We spoke with Michele Polci, director of citywide catering sales at Caesars Entertainment, about how her team meets the growing expectation for experiential culinary in meetings and incentives. Here’s what she had to say.
How can planners use F&B during networking or breakout sessions to bring attendees together?
The beauty of having face-to-face meetings is that they provide a platform for planners to use a variety of different events to bond attendees. Depending on the meeting, and frequency of events, planners can be faced with a number of first time attendees. Food and beverage is a great way to break the ice.
The new industry term used within the past year has been “experiential,” which is going a step beyond static food stations and incorporating action into the mix. I believe it will continue to define events in the future. Imagine the types of conversations that develop in the crowd when a bartender is smoking whiskey, or torching citrus to bring out the essence in the oil for the cocktail. Conversations begin, and moments happen between attendees and staff.

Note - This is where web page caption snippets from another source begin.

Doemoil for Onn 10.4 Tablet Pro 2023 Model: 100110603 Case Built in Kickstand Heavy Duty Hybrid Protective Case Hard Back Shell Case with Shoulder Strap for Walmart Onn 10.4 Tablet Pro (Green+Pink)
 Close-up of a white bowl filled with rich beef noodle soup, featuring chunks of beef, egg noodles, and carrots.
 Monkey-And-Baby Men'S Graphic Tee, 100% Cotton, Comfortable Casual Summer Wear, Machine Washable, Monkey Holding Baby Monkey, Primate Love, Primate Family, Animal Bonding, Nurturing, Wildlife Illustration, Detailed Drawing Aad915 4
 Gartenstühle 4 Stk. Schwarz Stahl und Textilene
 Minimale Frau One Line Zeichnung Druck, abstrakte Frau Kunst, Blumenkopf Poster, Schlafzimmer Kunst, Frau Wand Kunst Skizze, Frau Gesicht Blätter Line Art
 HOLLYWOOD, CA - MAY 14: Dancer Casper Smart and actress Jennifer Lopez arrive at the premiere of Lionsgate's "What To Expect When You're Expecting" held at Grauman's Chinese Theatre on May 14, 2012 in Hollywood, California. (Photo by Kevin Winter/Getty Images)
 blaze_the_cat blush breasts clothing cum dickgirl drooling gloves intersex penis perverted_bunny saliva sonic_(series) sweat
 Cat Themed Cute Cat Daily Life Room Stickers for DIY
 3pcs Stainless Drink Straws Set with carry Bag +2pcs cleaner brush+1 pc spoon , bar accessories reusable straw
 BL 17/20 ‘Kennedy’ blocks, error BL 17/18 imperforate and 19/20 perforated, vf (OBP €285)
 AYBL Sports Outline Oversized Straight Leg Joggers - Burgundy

Experiential food and beverage can be easily accomplished with craft cocktails and coffee bars. A caprese salad is great but how about the experience of a chef pulling the mozzarella in front of you and being able to customize the types of oils, vinegars and salts to your preference? It gets everyone talking to one another and helps build relationships.
In what ways can planners incorporate local traditions and culture into F&B experiences during shorter meetings or events?
Planners have a huge internal pressure to not let grass grow under their feet and recreate the wheel to keep events fresh and exciting. I encourage people to embrace the location of the meeting and rely of the chef’s interpretation or regional cuisine. Unless the event is held in the same location every year, this flexibility works out to the planner and attendees benefit.
The chefs are going to use the best seasonal ingredients and sustainable food in their area. Local traditions and culture can be incorporated, from the way its prepared to the final presentation. Breaks are a great way to highlight this as well. Think a of a beach theme in Atlantic City, with salt water taffy, warm pretzel and frozen lemonade, or a nature break in Lake Tahoe of raw nuts, organic dried fruit and buffalo jerky. The options are endless.
Any tips for achieving F&B customization at large-scale conferences?
Planners should share their goals and objectives of what needs to be accomplished with the property catering services team at the start of the process. It is best to start with an idea of what customization you are looking for and your budget. Banquet menus are great guides but most banquet chefs in our industry love stepping outside of the menus, being creative and trying something new.